Well, you can. But in this case, I didn’t. When I was visiting with family last week, an argument of sorts broke out as we all remembered that evening differently. In the end, my version prevailed as the truth. Mostly. Which just goes to show, you can’t put a roomful of Southerners in one place without folks making a fuss. (Coincidentally, another Southern expression I sent in.)

So, how about you? Do you have a favorite Southern saying? I’d really like to know.

Honest to Pete.

Market of the Month: Deep South Magazine

Sometimes, the oak-lined road beckons and you’ve just got to skedaddle down it.

Which explains the market of the month, Deep South Magazine. They’re looking for all kinds of pieces, Southern-style. That means articles, stories, poems, and whatever else you can drawl on and on about.

AND, I have a writing buddy who had a story accepted. Good to know since Deep South is a relatively new magazine. And P.S., she’s not even Southern. So, you can’t use that as an excuse not to submit to this lovely market.

Time for this little Georgia peach to get on down that road to publication. And best of luck to y’all.
(Thanks to Hope Clark’s FFW for this tip, and stock.xchng for the photo.)

ABC’s of Errant Parent

I just realized that errant parent, an online site of parenting hilarity and fun, is celebrating its first year anniversary (Technically, I didn’t “realize” it as much as I was sent an announcement email.). And then I realized (and technically, here, I actually did realize as a thought hit me square in the head) that I had a little something something to say about errant parent. Allow me to enumerate, using that clever A-B-C device:

A. errant parent makes me laugh out loud. And yes, I know that it’s a humor publication, but not all humor makes me laugh out loud. Humor’s funny that way.

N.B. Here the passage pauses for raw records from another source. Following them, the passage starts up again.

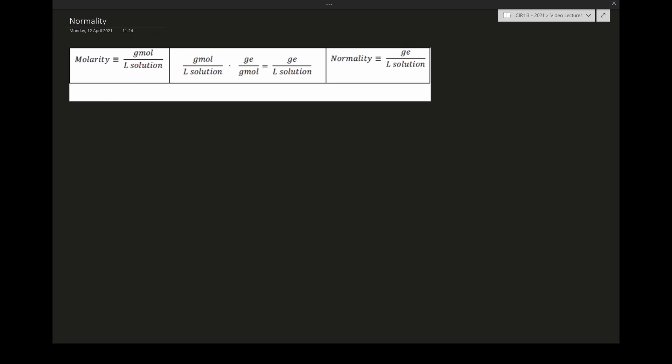The gram mole in molarity represents the quantity or amount of substance we have. This is typically used for acids and bases, so gram moles refers to the gram moles of the acid or the base. We can get that from the molecular mass. For example, if I have one mole of hydrochloric acid, my concentration would be one gram mole in the solution.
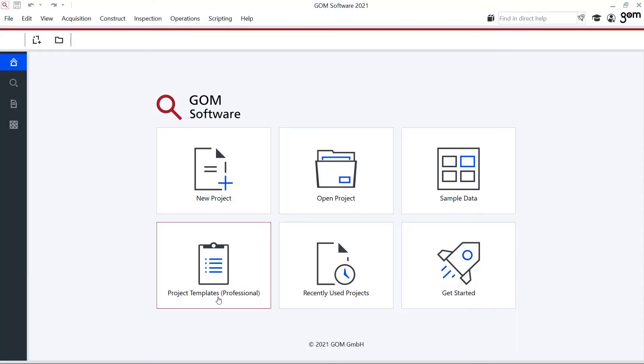Project templates, as it mentions here, is for GOM Inspect Professional. If I have GOM Inspect Professional, I can open these project templates and reuse all program templates.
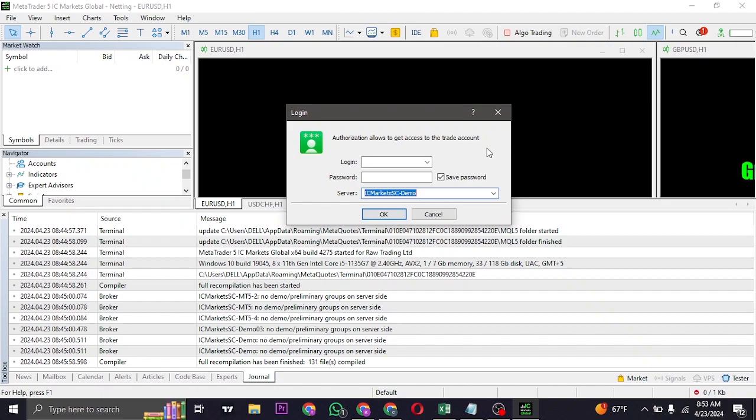If that is the case and you haven't opened your demo account for more than 20 days, you'll need to create a new demo account from the same broker and fill in the new login details.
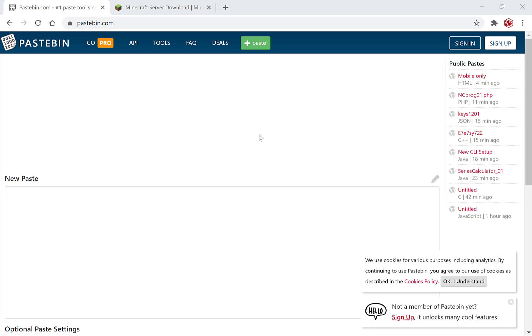Hi guys and welcome to another video. Today I'm going to be showing you how to use Pastebin. Now Pastebin is a text sharing tool where you simply paste in the text that you want to share. People often use Pastebin for various reasons.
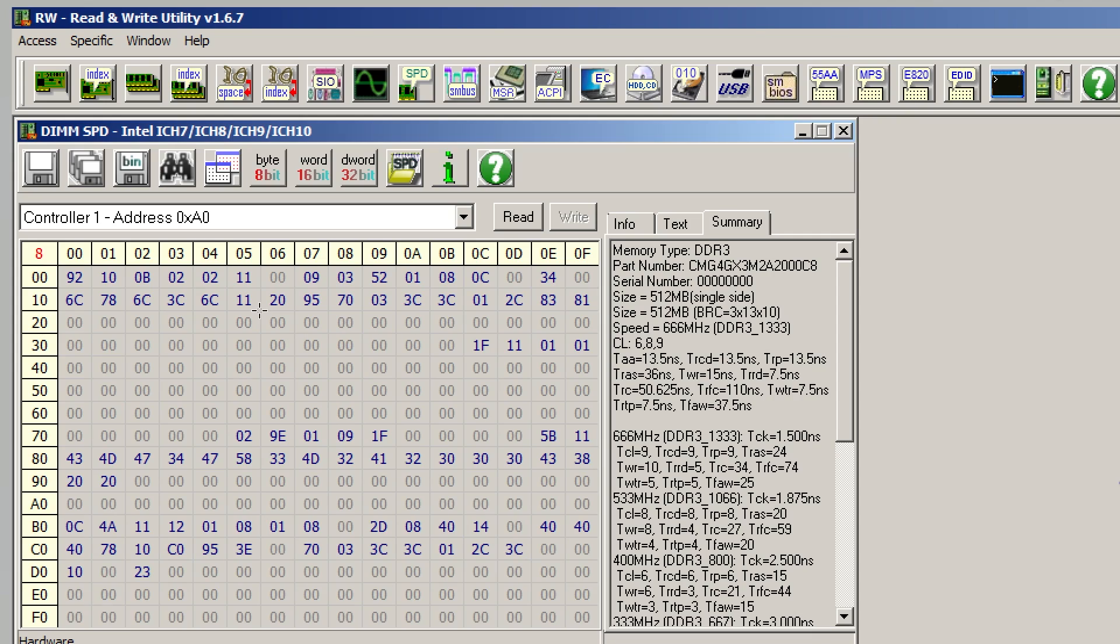Hi, this is Tag again, and today I want to do a video on SPD modding and its uses for both reviving dead memory sticks and also making memory sticks run better on very old platforms with weak memory controllers.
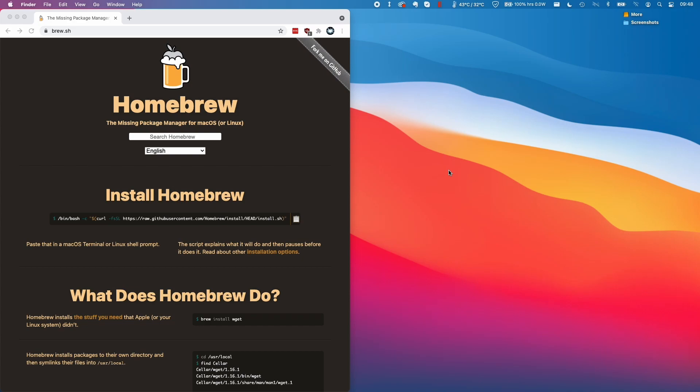Hey everyone, this is Andrew Tai and welcome to my YouTube channel. Today I'm going to show you how to install Homebrew on the M1 Apple Silicon Mac.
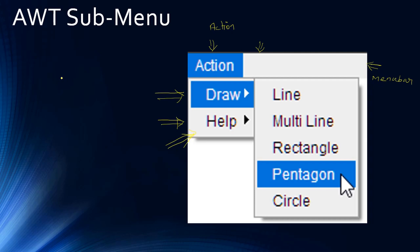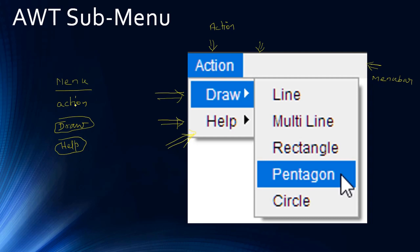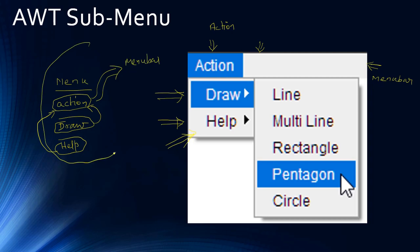The action menu will hold two sub menus: draw and help. The classes are the same - we have a menu bar, then we will have three menus. All are instances of java.awt.Menu. What we will do is take draw and add it to action, similarly take help and add it to action, and finally add the action menu to the menu bar. This whole arrangement produces the screenshot effect you are seeing.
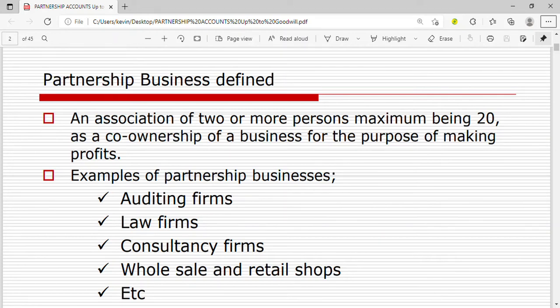Welcome to my channel. In this video we are going to be talking about partnership accounts, which is the second topic in accounting. We shall start by defining what a partnership business is. A partnership business is an association of two or more persons, maximum being 20, as a co-ownership of a business for the purpose of making profits.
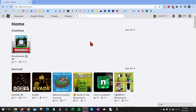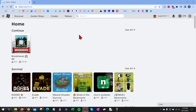Star codes are a code you enter when you are making purchases of Robux or a Roblox Premium membership that allow the Roblox creator associated with that star code to earn money when you make that purchase. So by putting that star code in when you make a purchase, you are supporting your favorite Roblox creators.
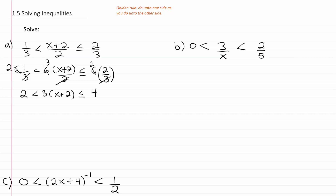Now from here, we'll distribute. So we'll have 2 is less than 3x + 6, which is less than or equal to 4. And then we solve by subtracting 6 from all sides of the inequality.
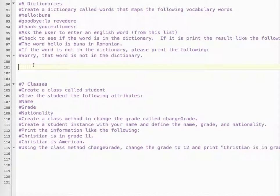Let's take a look at Python Final Review, question six. This one is about using dictionaries. Create a dictionary called 'words' that maps the following vocabulary words. This is the Romanian language. So hello is 'buna' in Romanian, goodbye is 'la revedere', and thank you is 'mulțumesc'.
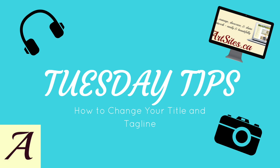Hi guys, and welcome to this week's Tuesday Tip. This week I'm going to show you how to change your title and tagline. One of the most important parts of your website is the title and your tagline, which appear at the top of every webpage. Over time you may decide you want to change your title and or tagline, so here's how to do it.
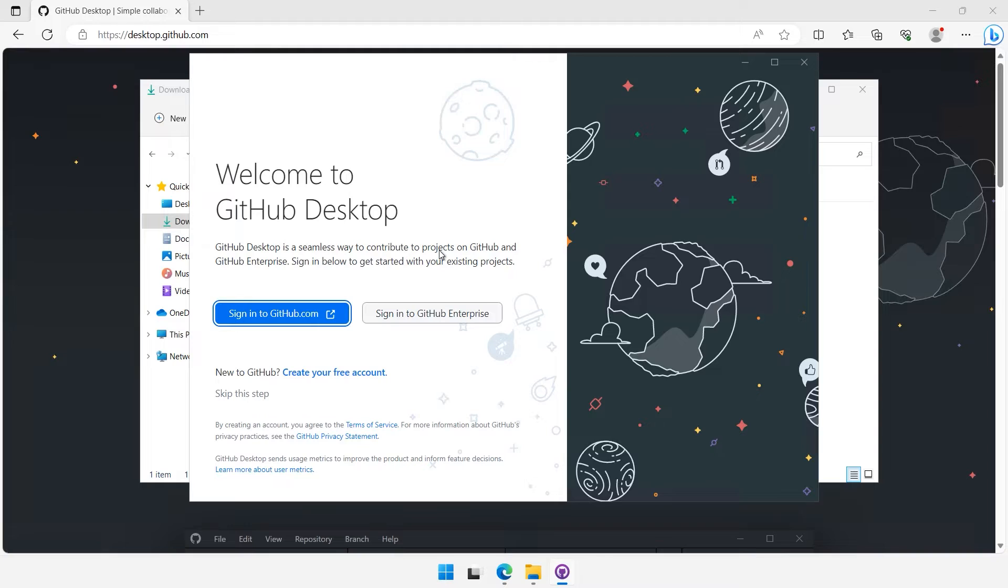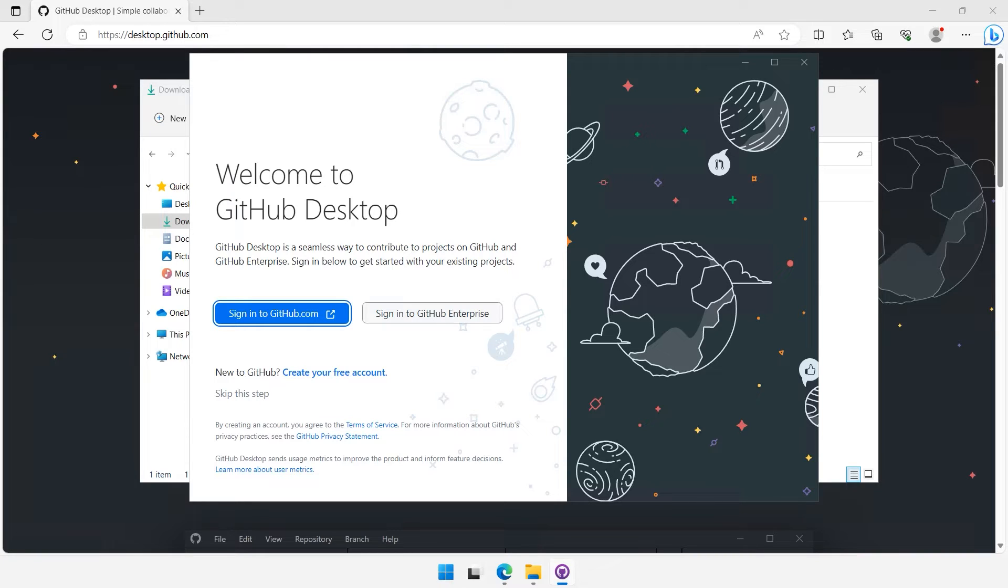Now if you already have a GitHub account, you can sign in. If not, you can create one by clicking the Sign Up for GitHub link. I'm going to sign in with my existing account. So I click on Sign In to GitHub.com and it takes me to the GitHub login screen, where I can enter my username and password.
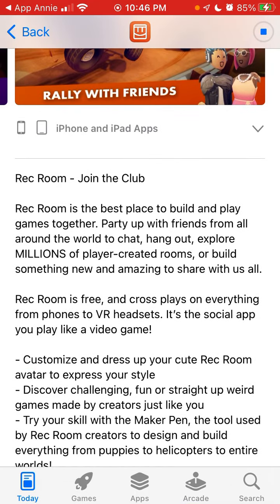Rec Room — join the club. Rec Room is the best place to build and play games together. Party up with friends from all around the world to chat, hang out, and explore millions of player-created rooms. Rec Room is free and cross-platform on everything from phones to VR headsets — the social app you play like a video game.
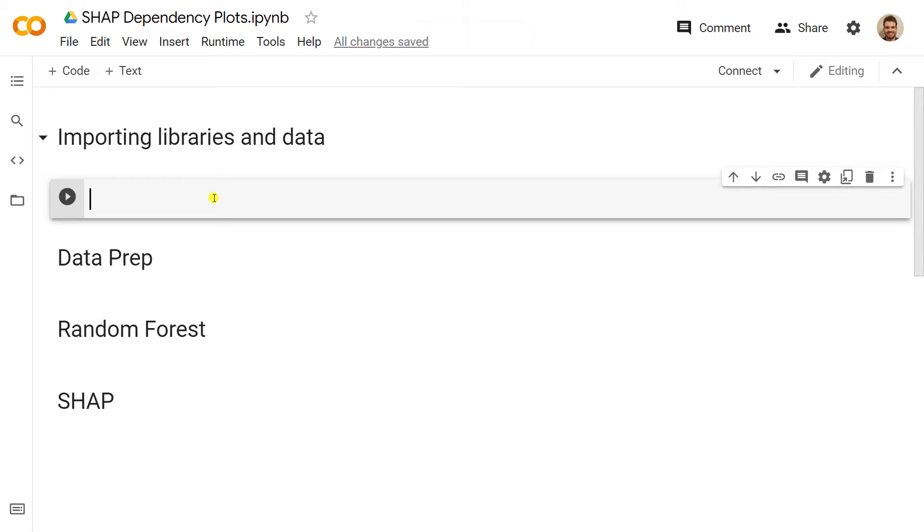Hello and welcome back to the channel. It is our third video of SHAP, also the third one of our Explainable AI series. If you're interested in learning more about SHAP, I have a course on Udemy where I use SHAP.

B. I suggested a humor-writing friend send her stuff to errant parent and she’s in this anniversary issue.

C. I am not.

D. Assuming a big, giant ball of gas doesn’t fall on the earth at the exact spot where errant parent’s editor resides, you’ll see my contribution later. In August, I think. Now, don’t go worrying. I’ll toot about it (no gas pun intended).

E. If you are a parent (like me), and err on a regular basis (like me) and you can write edgy funny stuff (you thought I was going to say “like me.” But I’m the humble sort. And the rejected sort-I had to work on the edgy.), you should consider submitting to this market.

F. errant parent is a paying market (Whee-whee-wheee!).

G. Support your local humor markets so they can continue to make me say Whee-whee-whee! (Oh, and by local, I mean available throughout the world on the web).

So, I believe that concludes this morning’s schooling on errant parent (except for here). I kinda thought my A-B-C list would make its points using the actual letters of the alphabet, but that seemed like an awful lot of work. And then around letter D., I realized I was not going to get all the way to Z. Or even M. I’m sorry if this has caused you any distress. On the other hand, I did a whole lot of realizing today, and I feel pretty good about that.